Il convient donc de la déclarer recevable.
B. Sur le fond
. La Cour
rappelle que le caractère raisonnable de la durée d’une procédure s’apprécie
suivant les circonstances de la cause et eu égard aux critères consacrés par sa
jurisprudence, en particulier la complexité de l’affaire, le comportement de la
requérante et celui des autorités compétentes ainsi que l’enjeu du litige pour
les intéressés (voir, parmi beaucoup d’autres, Frydlender c. France
[GC], no 30979/96, § 43, CEDH 2000-VII, et Kaplan c. Turquie,
no 24240/07, § 48, 20 mars 2012).
. Après avoir
examiné tous les éléments qui lui ont été soumis, la Cour considère que le
Gouvernement n’a exposé aucun fait ni argument pouvant mener à une conclusion
différente dans le cas présent. Compte tenu de sa jurisprudence en la matière,
la Cour estime qu’en l’espèce la durée de la procédure litigieuse est excessive
et ne répond pas à l’exigence du « délai raisonnable ».

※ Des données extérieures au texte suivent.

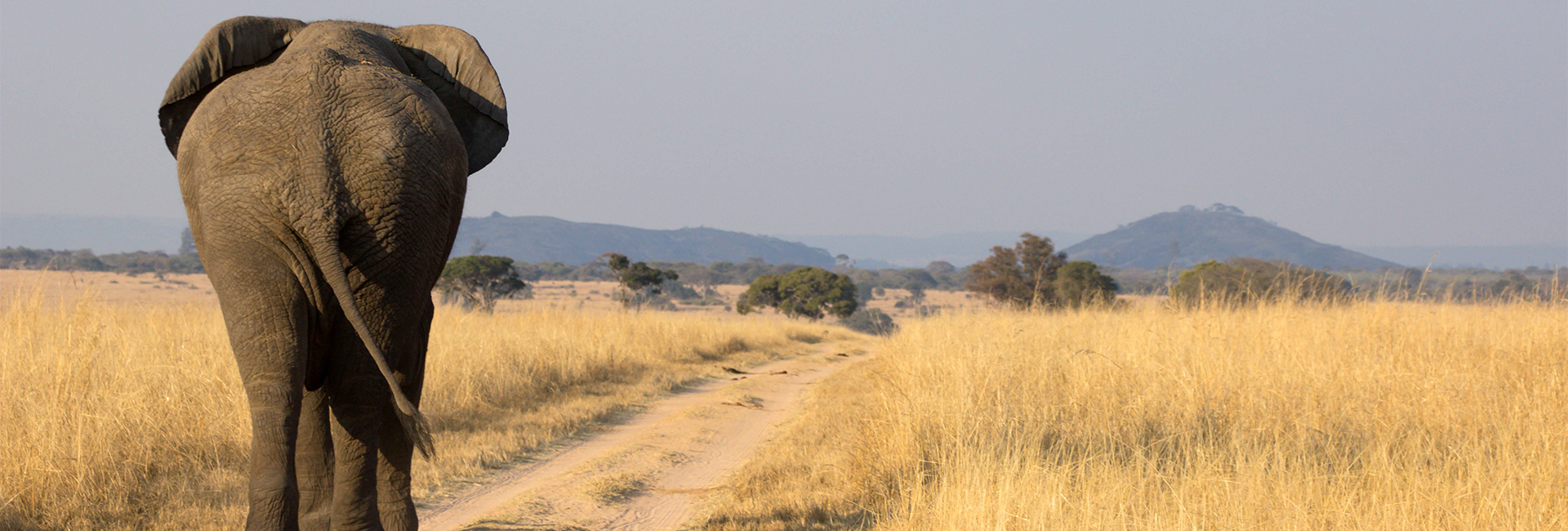 The Impact of Volunteering: How You Can Make a Difference for Elephants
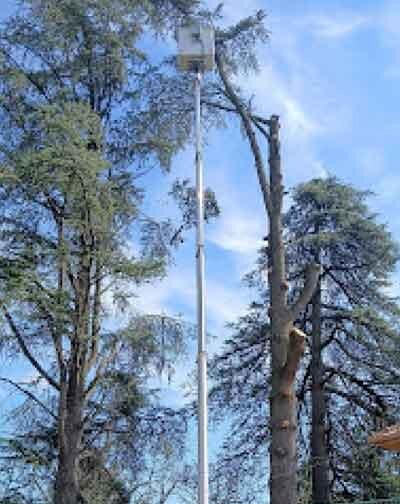 Grands arbres élagués en hauteur, avec une nacelle en place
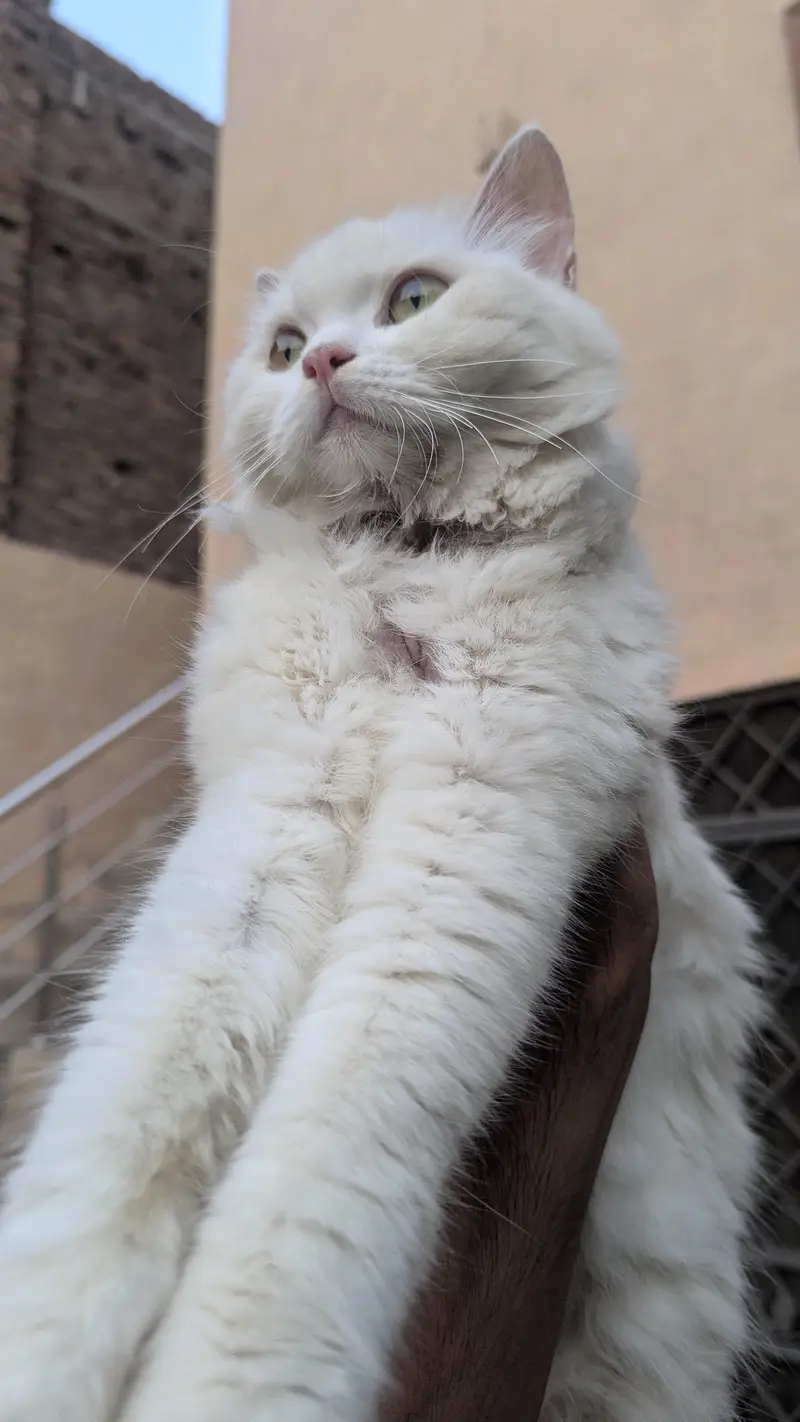 triple cotted punch face beautiful Persian female cat whsp 03188100390 — photo 3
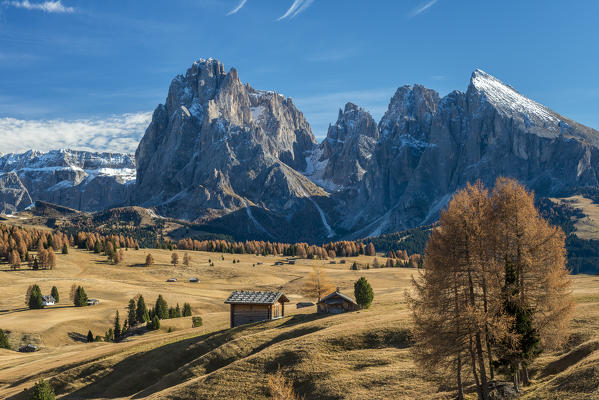 Alpe di Siusi/Seiser Alm, Dolomites, South Tyrol, Italy. Autumn on the Alpe di Siusi/Seiser Alm with the peaks of Sassolungo/Langkofel and Sassopiatto/Plattkofel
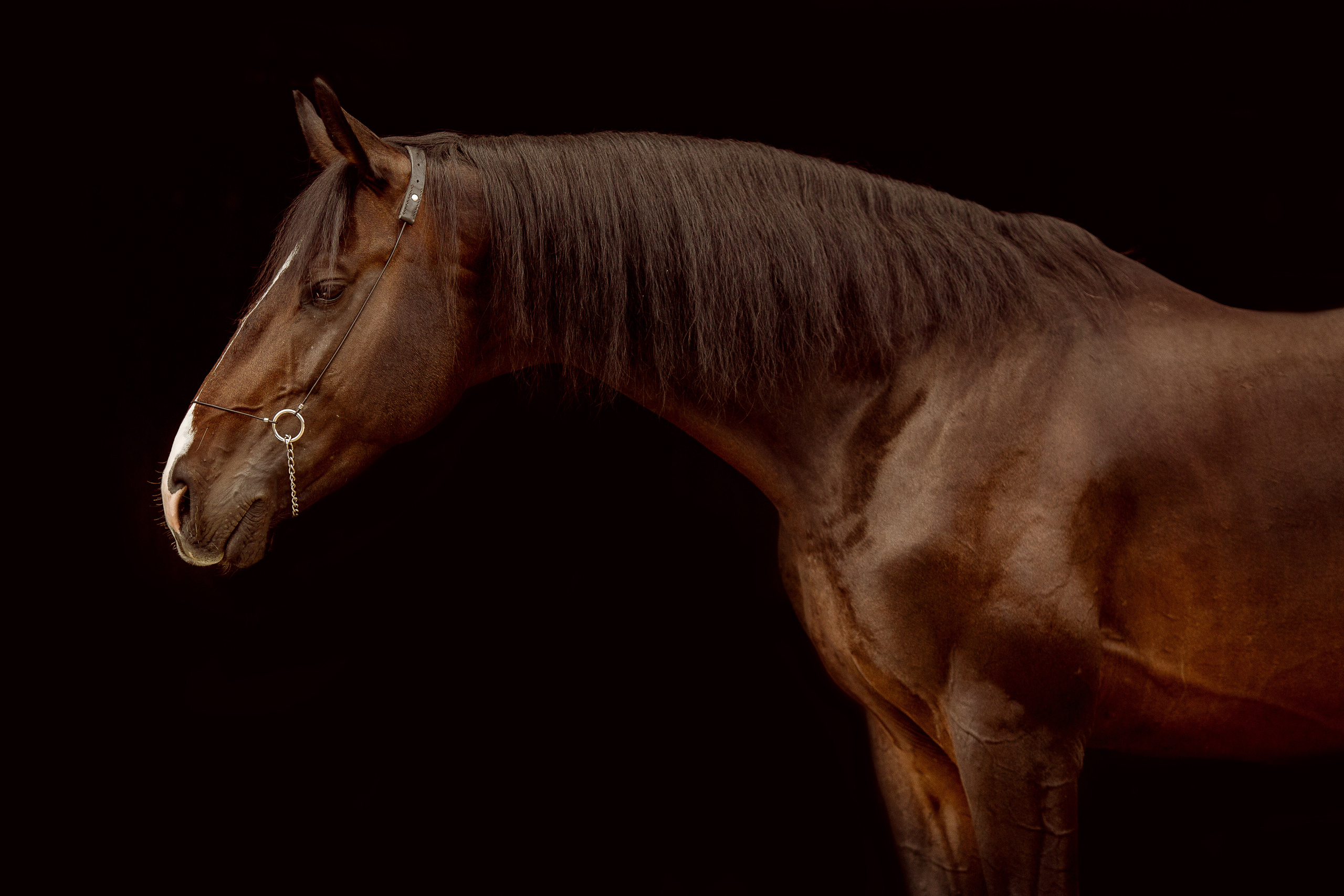 Фото лошади на черном фоне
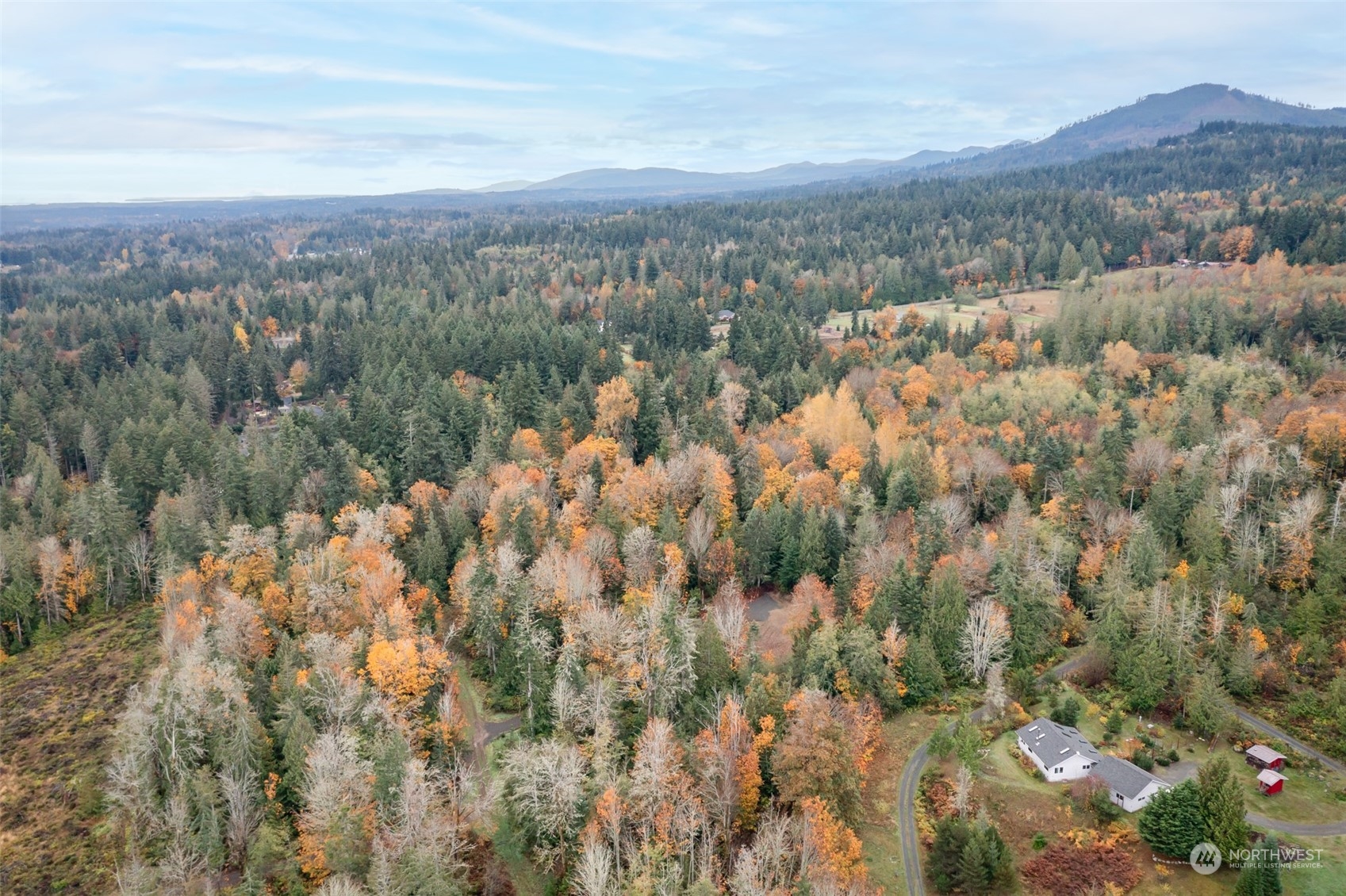 677 Fors Road Port Angeles, WA 98363 - Photo 11 of 40 a view of a city with mountains in the background
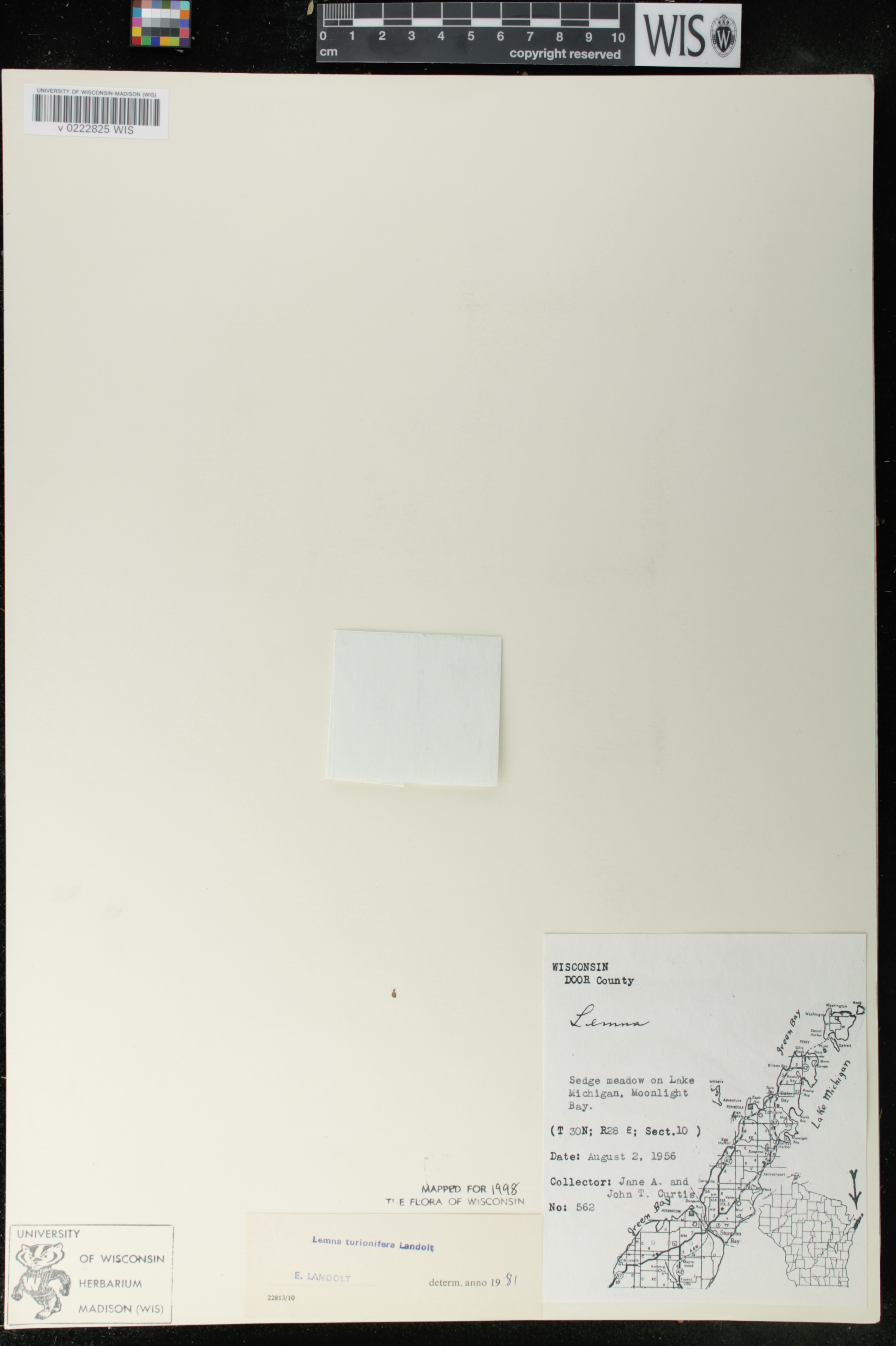 Lemna turionifera image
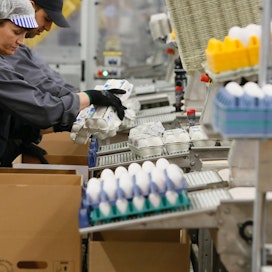 Tuula Klooti ja Emin Caner nostelevat munakennoja laatikoihin Dava Foodsin uudella pakkauslinjalla Kaarinassa.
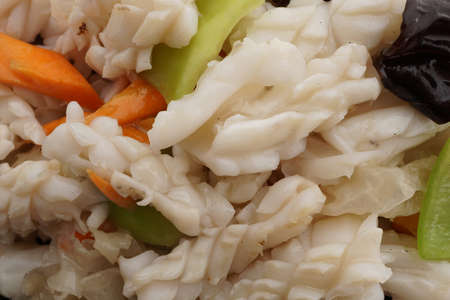 Chinese food. Calamari terrine with vegetables. Closeup.の写真素材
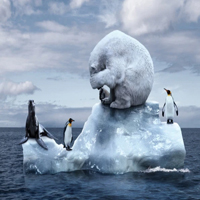 Nêu đặc điểm tự nhiên của châu Nam Cực?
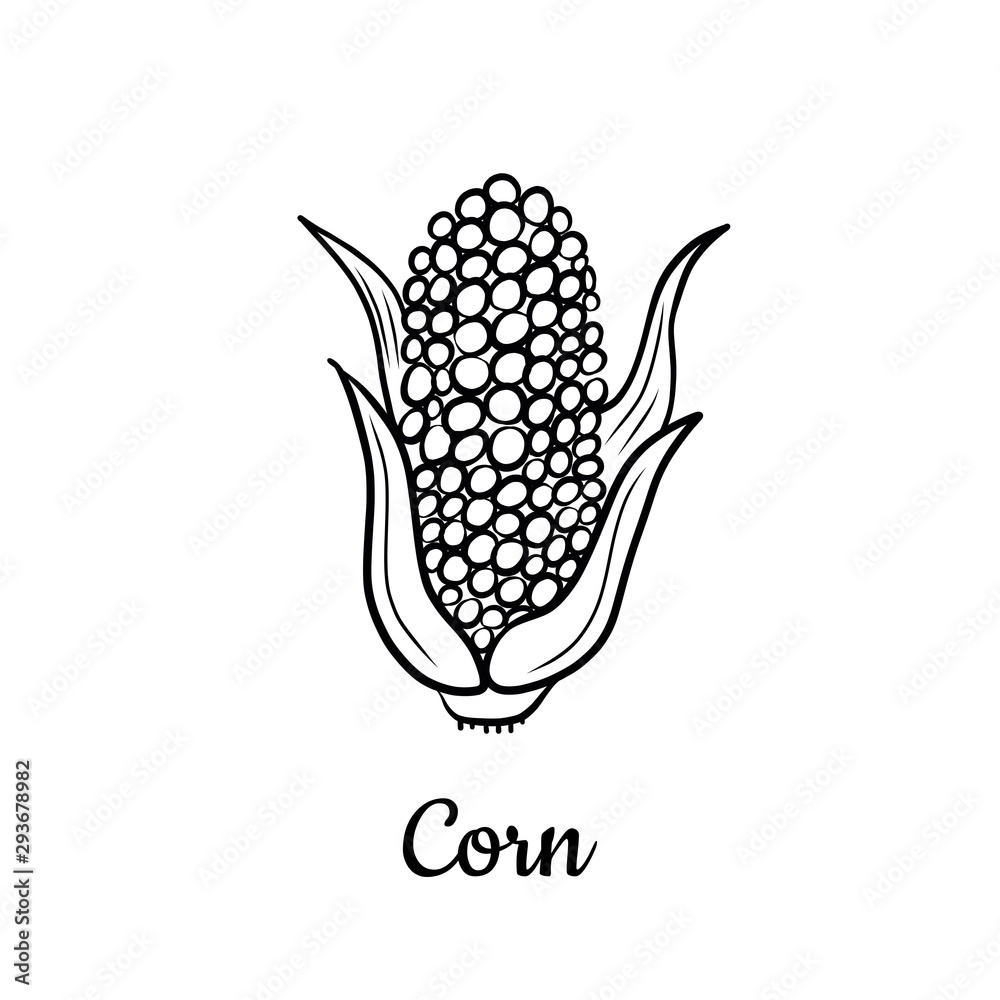 Hand drawn Corn isolated on a white. Vegetables drawings. Vector illustration. Hand drawn Corn isolated on a white. Vegetables drawings. Vector illustration.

Partant, il y a eu violation de l’article 6 § 1.
II. SUR
L’APPLICATION DE L’ARTICLE 41 DE LA CONVENTION
. Aux termes de
l’article 41 de la Convention,
« Si la Cour
déclare qu’il y a eu violation de la Convention ou de ses Protocoles, et si le
droit interne de la Haute Partie contractante ne permet d’effacer qu’imparfaitement
les conséquences de cette violation, la Cour accorde à la partie lésée, s’il y
a lieu, une satisfaction équitable. »
. La requérante
n’a présenté aucune demande de satisfaction équitable. Partant, la Cour estime
qu’il n’y a pas lieu de lui octroyer de somme à ce titre.
PAR CES MOTIFS, LA COUR À L’UNANIMITÉ,
1. Déclare le restant de la
Requête recevable ;
2. Dit qu’il y a eu violation
de l’article 6 § 1 de la Convention.
Fait en français, puis communiqué par écrit
le 28 mai 2013, en application de l’article 77 §§ 2 et 3 du règlement.